:: TASK TO COMPLETE ::
Once the line holding "Lenovo TG101 Headphones" is found in the entries below, transcribe exactly every line up to and including the one holding "Beige Hiti Washable area rug Hauteloom", but leave out the pictures.

:: MATERIAL TO PROCESS ::
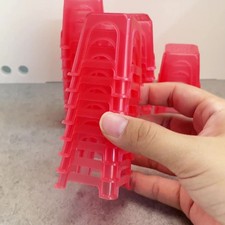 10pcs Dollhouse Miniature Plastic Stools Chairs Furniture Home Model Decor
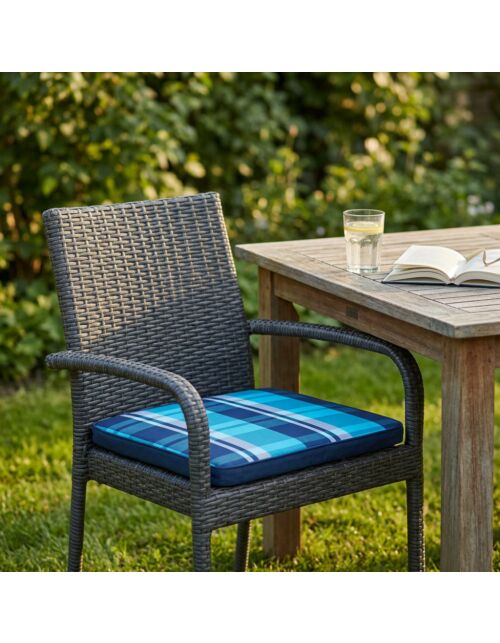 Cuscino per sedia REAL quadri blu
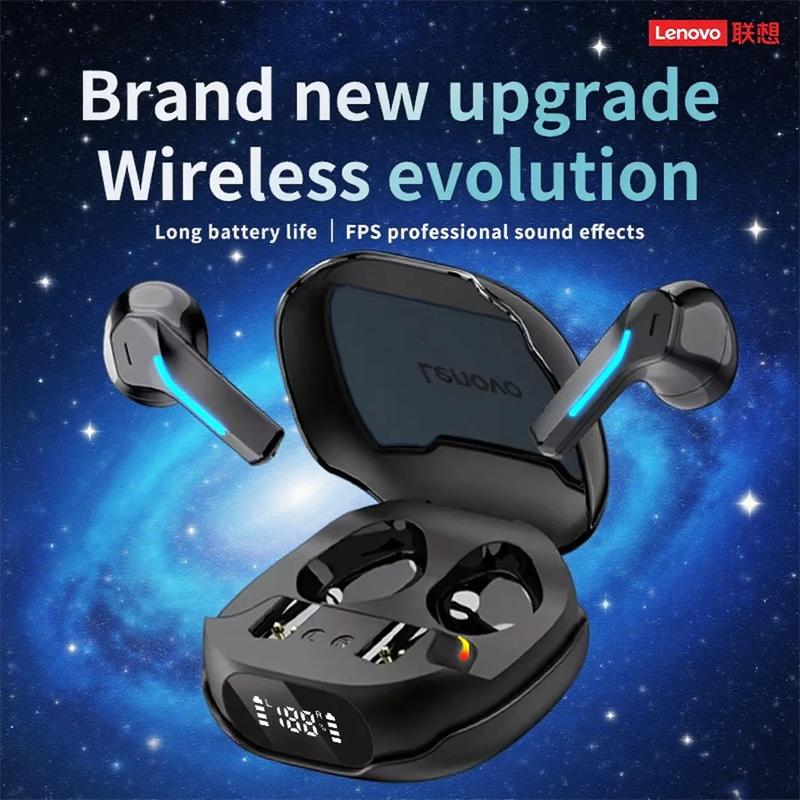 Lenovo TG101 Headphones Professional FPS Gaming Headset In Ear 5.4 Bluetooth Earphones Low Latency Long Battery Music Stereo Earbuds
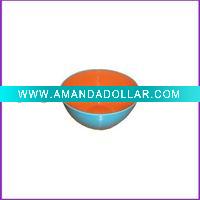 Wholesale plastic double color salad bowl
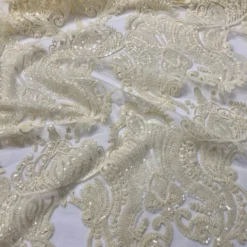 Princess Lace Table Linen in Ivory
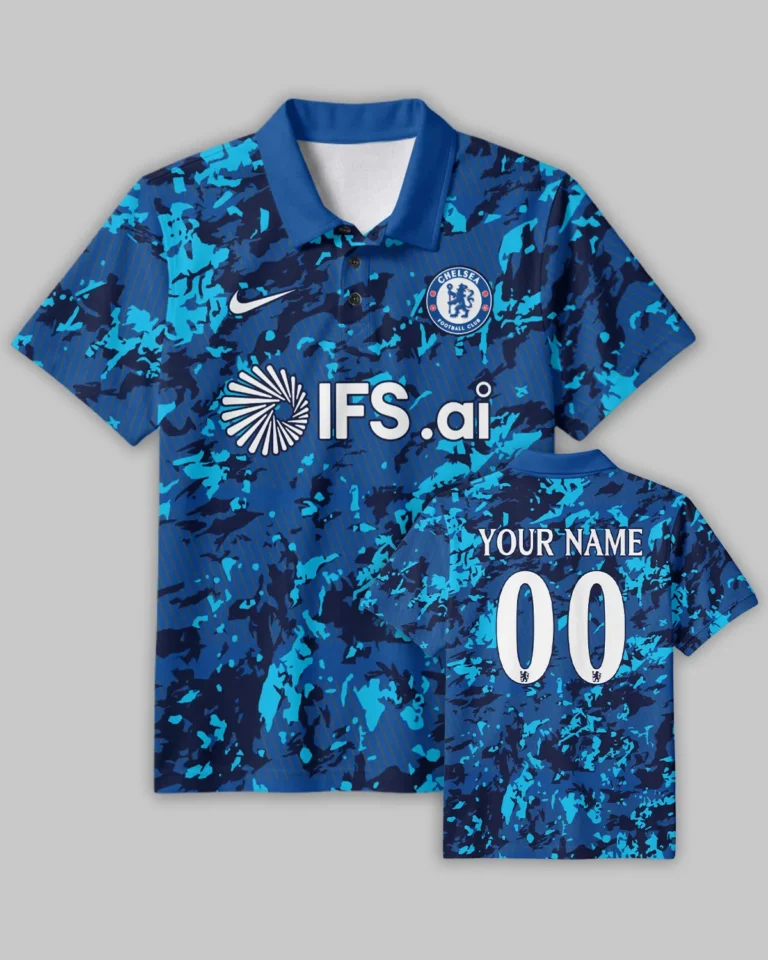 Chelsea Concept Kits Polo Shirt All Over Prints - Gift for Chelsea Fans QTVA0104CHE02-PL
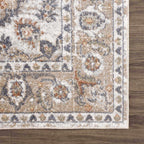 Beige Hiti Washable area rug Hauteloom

--

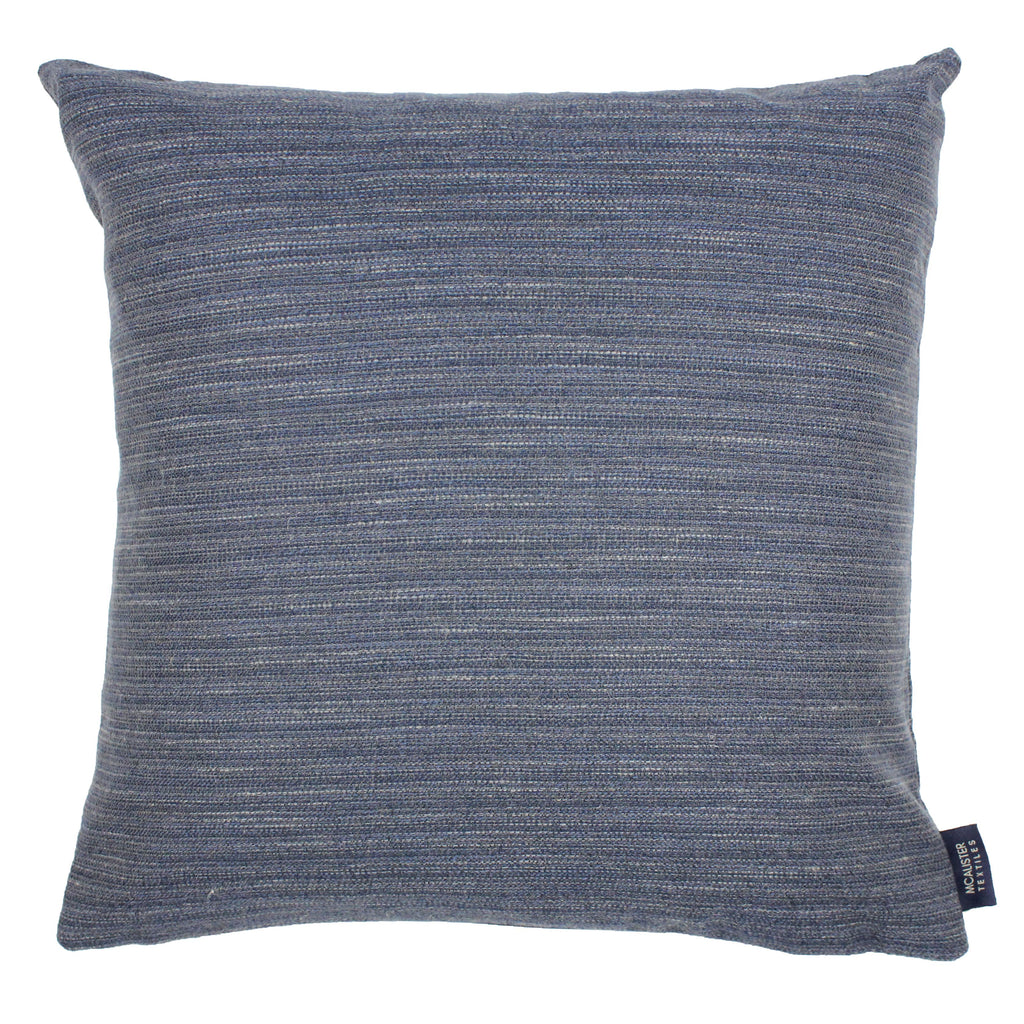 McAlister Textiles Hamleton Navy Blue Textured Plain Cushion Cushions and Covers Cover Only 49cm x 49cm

==

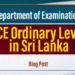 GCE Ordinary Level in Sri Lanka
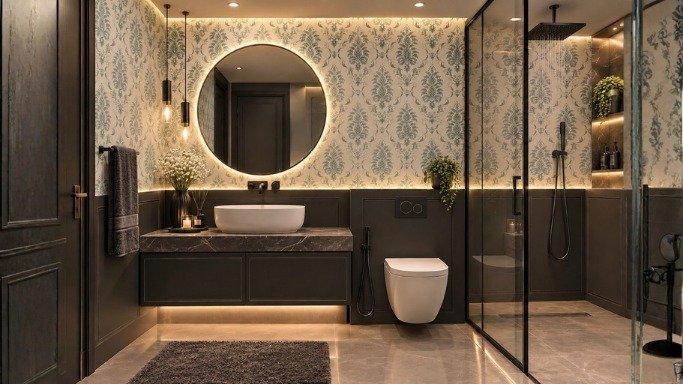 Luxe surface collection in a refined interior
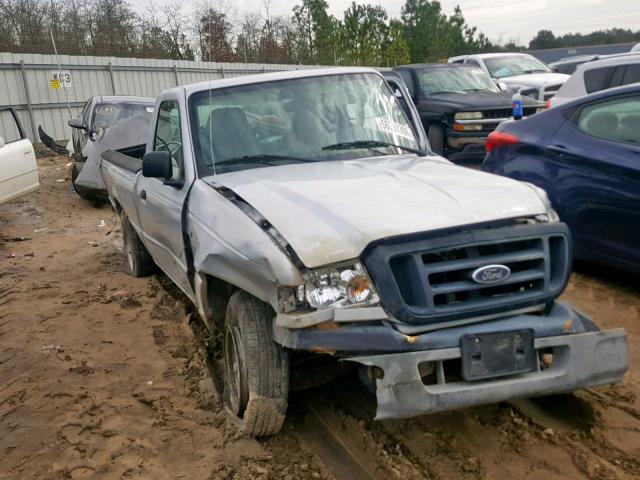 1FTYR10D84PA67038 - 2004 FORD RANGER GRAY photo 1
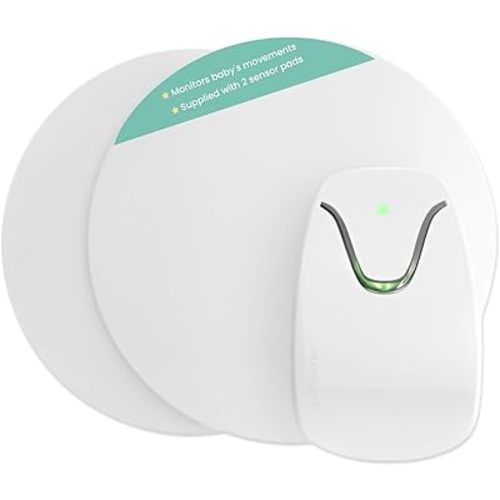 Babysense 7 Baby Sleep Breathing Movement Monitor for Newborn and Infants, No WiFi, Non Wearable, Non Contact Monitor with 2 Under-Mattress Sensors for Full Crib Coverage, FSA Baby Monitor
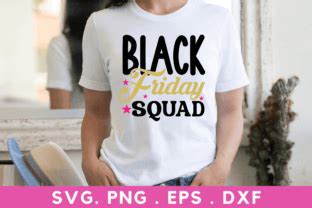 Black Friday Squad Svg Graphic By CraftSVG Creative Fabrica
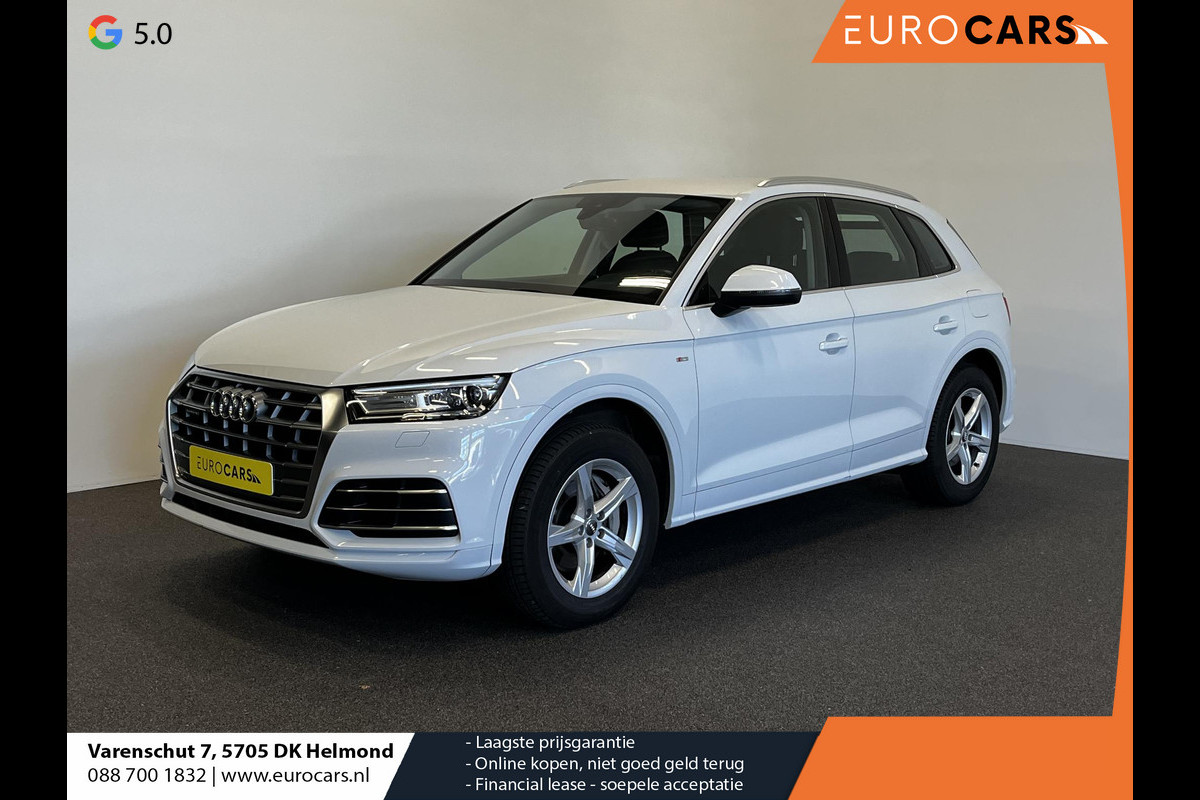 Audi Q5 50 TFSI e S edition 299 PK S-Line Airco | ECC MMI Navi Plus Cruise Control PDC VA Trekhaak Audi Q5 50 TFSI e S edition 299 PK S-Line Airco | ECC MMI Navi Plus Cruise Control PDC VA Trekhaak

:: ANSWER BELOW ::
 Lenovo TG101 Headphones Professional FPS Gaming Headset In Ear 5.4 Bluetooth Earphones Low Latency Long Battery Music Stereo Earbuds
 Wholesale plastic double color salad bowl
 Princess Lace Table Linen in Ivory
 Chelsea Concept Kits Polo Shirt All Over Prints - Gift for Chelsea Fans QTVA0104CHE02-PL
 Beige Hiti Washable area rug Hauteloom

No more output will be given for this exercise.